We weren’t allowed to count change. If we borrowed a fifty-cent piece, we would have to pay back a fifty-cent piece, not five dimes or fifty pennies or ten nickels.
We went barefooted the year round and wore long shirts split on each side. All of us niggers called all the whites “poor white trash.” The overseer was nothing but poor white trash and the meanest man that ever walked on earth. He never did whip me much ‘couse I was kind of a pet. I worked up to the Big House, but he sho’ did whip then others. Why, one day he was beating my mother, and I was too small to say anything, so my big brother heard her crying and came running, picked up a chunk and that overseer stopped a’beating her. The white boy was holding her on the ground and he was whipping her with a long leather whip. They said they couldn’t teach her no sense and she said “I don’t wanna learn no sense.” The overseer’s name was Charlie Clark. One day he whipped a man until he was bloody as a pig ’cause he went to the mill and stayed too long.
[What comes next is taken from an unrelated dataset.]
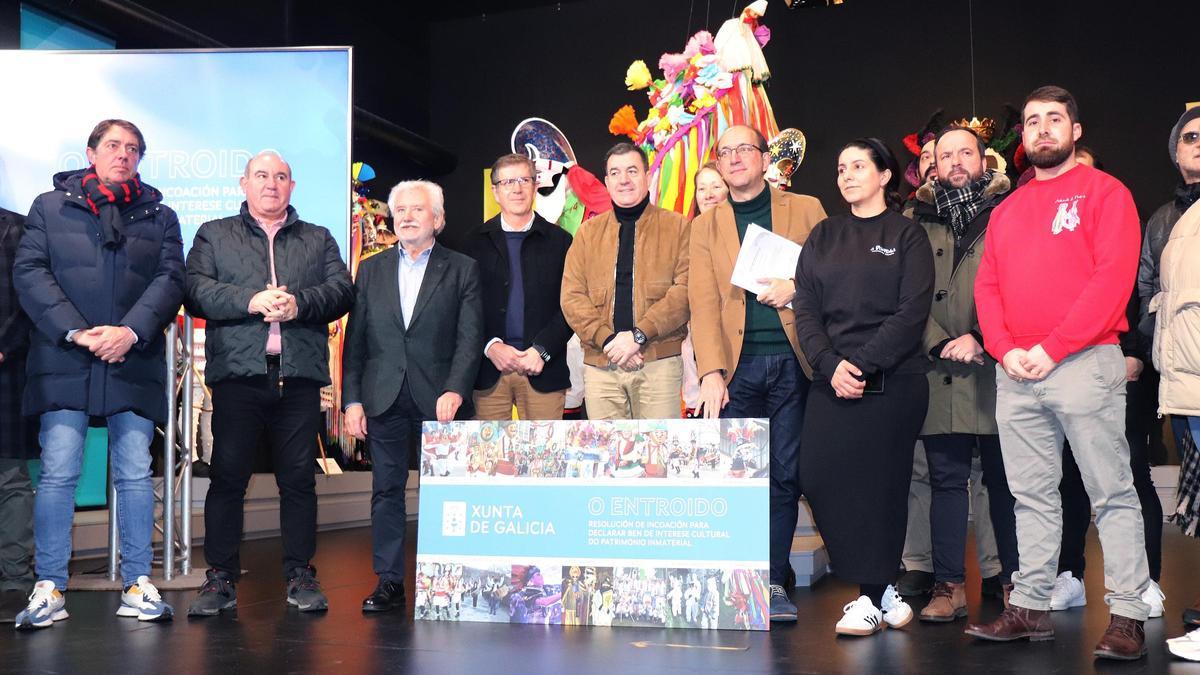 El conselleiro Román Rodríguez y el secretario xeral de Cultura, Anxo Lorenzo, visitaron el Museo del Carnaval de Xinzo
The patroller rode all night and iffen we were caught out later than 10:00 o’clock they would beat us, but we would git each other word by sending a man round way late at night. Always take news by night. Of course the Ku Klux Klan didn’t come ’til after the war. They was something like the patrollers. Never beard of no trouble between the black and whites ’cause them niggers were afraid to resist them.
My biggest job was keeping flies off’n the table up at the Big House. When time come to go in for the day we would out up and dance. I can’t remember any of the songs jest now, but we had some that we sung. We danced a whole lots and jest sung “made up” songs.
Old Master would stay-up to hear us come in. Of course Saturday afternoon was a holiday. We didn’t work no holidays. Master gave us one week off for Christmas, and never worked us on Sunday, unless the “or was in the ditch.” When the slaves got sick we had white doctors, and we would wait on each other. Drink dock root tea. mullin tea and fleaweed tea, but we never wore charms.
I think it’s a good thing that slavery’s over. It ought to been over a good while ago. But its going to be slavery all over again if things don’t git better. But I thank God I’ve been a Christian for 70 years, and now is a member of Tabernacle Baptist Church and deacon of the church, and a Christian ’cause the Bible teaches me to be.
That war was a awful thing. I used to pack them soldiers water on my head, and then I worked at Fort Sill and Fort Dewson in Tennessee. Those Yankees came by nights, got behind those rebels, and took their hams, drove horses in the houses, killed their chickens and ate up the rebels food, but the Yanks didn’t bother us niggers.
When freedom cone old Master called us all in from the fields and told us. “All of you niggers are free as frogs now to go wherever you choose. You are your own man now.” We all continued working for him at $5.00 a month. After the crops were gathered the niggers scattered out. Some went North, and we would say when they went North that they had “crossed the water.”
I never married ’till after the war. Married at my mother’s house ’cause my wife’s mother didn’t let us marry at her house, so I sent Jack Perry after her on a hoss and we had a big dinner, and jest got married.
I am the father of nine children, but jest three is living. One is a dentist in Muskogge, Dr. Andrew Hutson. All of the children are pretty well read. We never had schools for niggers until after slavery.
I think Abraham Lincoln was a great man, but I don’t know much about Jeff Davis. Booker T. Washington was a fine man.